Back then, the market was “consumed and obsessed” with companies like Davnet and One.Tel – once darlings of the local share market – as it has been with many of the great growth stories of recent years (like Afterpay, for instance). But like all overvalued bubbles, the good times, eventually, came to an end.
“A lot of advisers would say things like, ‘You don’t get it, mate, the world’s changed,’ or ‘You don’t get it, mate, you’re past your use-by date’,” Tagliaferro said.
“And then, of course, the tech boom unravelled in 2000 … In a period of 12 months, we went from everyone bagging us, threatening to pull their money out (although we didn’t have much money under management then, to be honest) to within a year or two winning fund manager of the year. And that was the making of IML.”
As value once again enjoys a resurgence, the investing veteran has announced he will be stepping down from his role at the helm of IML, leaving portfolio managers Simon Conn, Hugh Giddy, Daniel Moore and Michael O’Neill to lead the firm’s quality and value-focused small and large-cap portfolios.
But before he leaves the professional investment world for good and starts his journey as a private investor in March, we were luckily given the opportunity to speak to Tagliaferro one last time (although, he says he isn’t going anywhere and will likely continue to be a major market commentator. So this probably isn’t the last you will hear of the value investor).
In this interview, you’ll learn about the most consistent, resilient performers during his career, where he is seeing value right now, and why he still hasn’t been lured in by the now heavily discounted Aussie tech sector.
Plus, he also shares what makes this market downturn different to those of the past, as well as why he believes central banks are still behind the curve.
Why central banks are still behind the curve
Livewire last sat down with Tagliaferro back in October 2020. While others were enjoying the fruits of governments and central banks’ labour – benefiting from the cheap money that was flooding the global economy, Tagliaferro warned we could see a rise in inflation down the track.
As it would turn out, he was correct. For the twelve months to September, monthly CPI rose to 7.3% in Australia. In the US, the inflation print is running at 8.2%. For some context, these are the highest levels of inflation seen in approximately three decades.
“Certainly, when you look around the world and you look at where the rate of inflation is and when you look at the cash rate, most central banks are well behind [the curve],” Tagliaferro said.
While the Fed has been “very aggressive”, and Europe is “getting there slowly”, Australia is still lagging behind the pack, he said.
“I think the RBA has been extremely cautious and extremely slow. And they may be right, but they’re also potentially taking a big risk that inflation becomes embedded. They may have to [hike] aggressively again as we go into 2023,” Tagliaferro said.
That said, the issue isn’t that this downturn is different, per se. It’s that central banks’ bark is now worse than their bite.

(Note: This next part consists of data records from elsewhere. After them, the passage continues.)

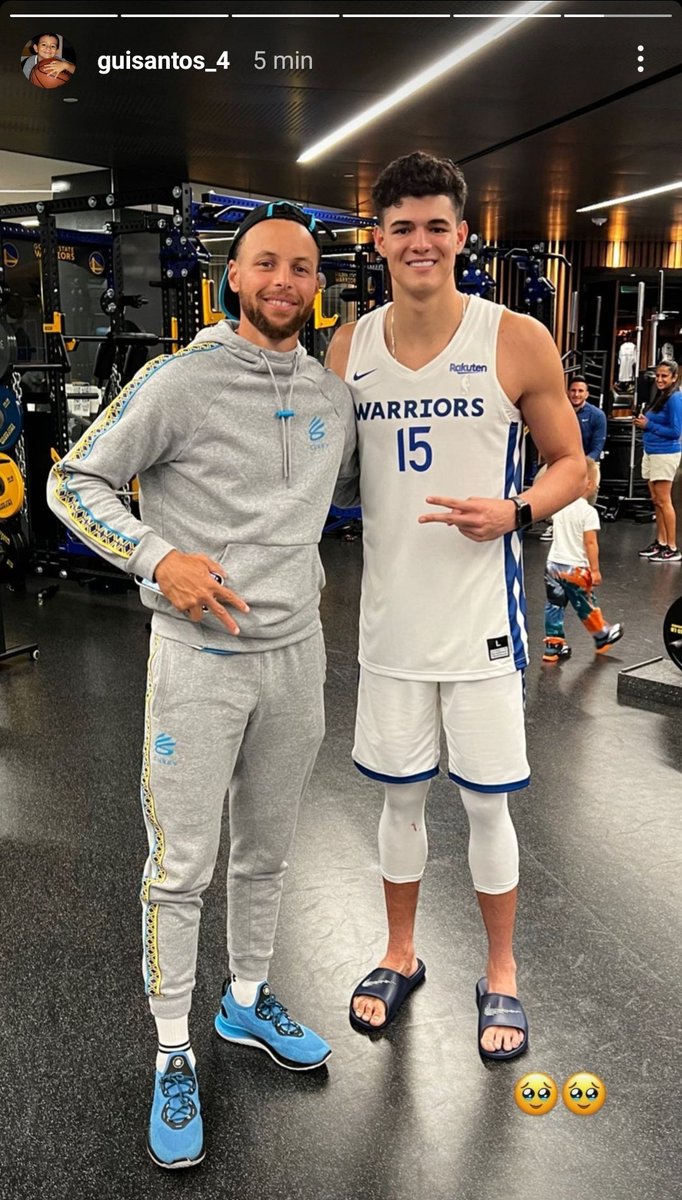 GUI SANTOS E STEPHEN CURRY

OS CABRAS

apenas

A FOTO DE MILHÕES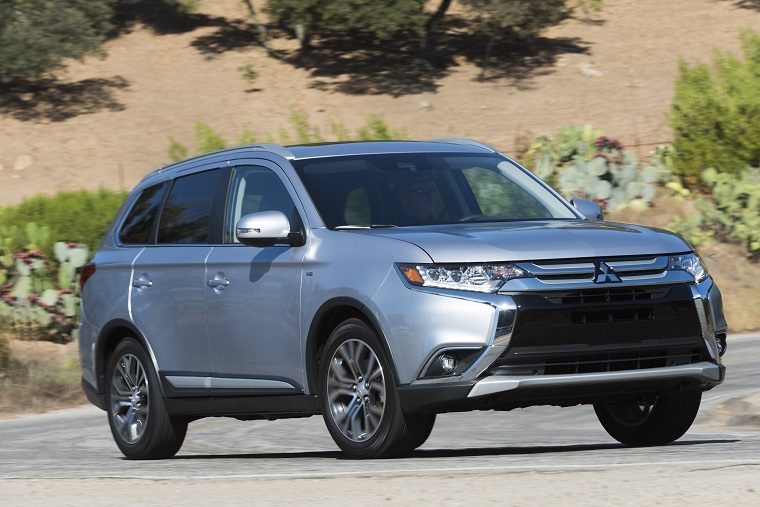 2017 Mitsubishi Outlander Exterior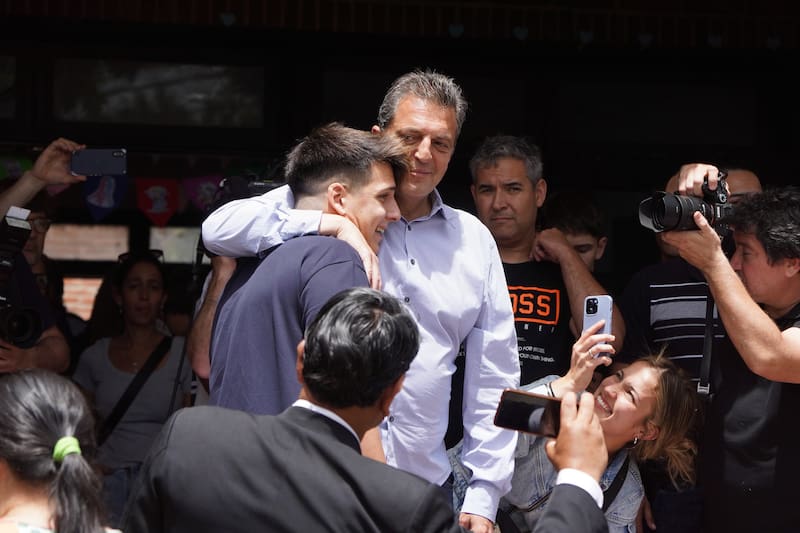 El candidato de Unión por la Patria y actual ministro de Economía, Sergio Massa, emitió su voto.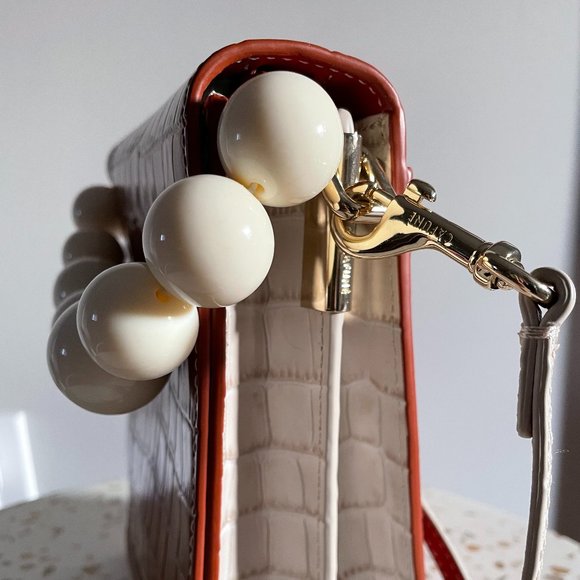 Cafune Bellows Crossbody Bag - Picture 3 of 10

“Central banks used to be completely independent and quite ruthless when things like inflation turned up,” Tagliaferro said.
“Nowadays, they seem to be very willing and able to cut rates to zero when there are times of trouble or turmoil or when financial markets need a boost. But we’re seeing now when inflation is very high, at 40-year highs, they’re really dragging their feet in terms of putting rates up.”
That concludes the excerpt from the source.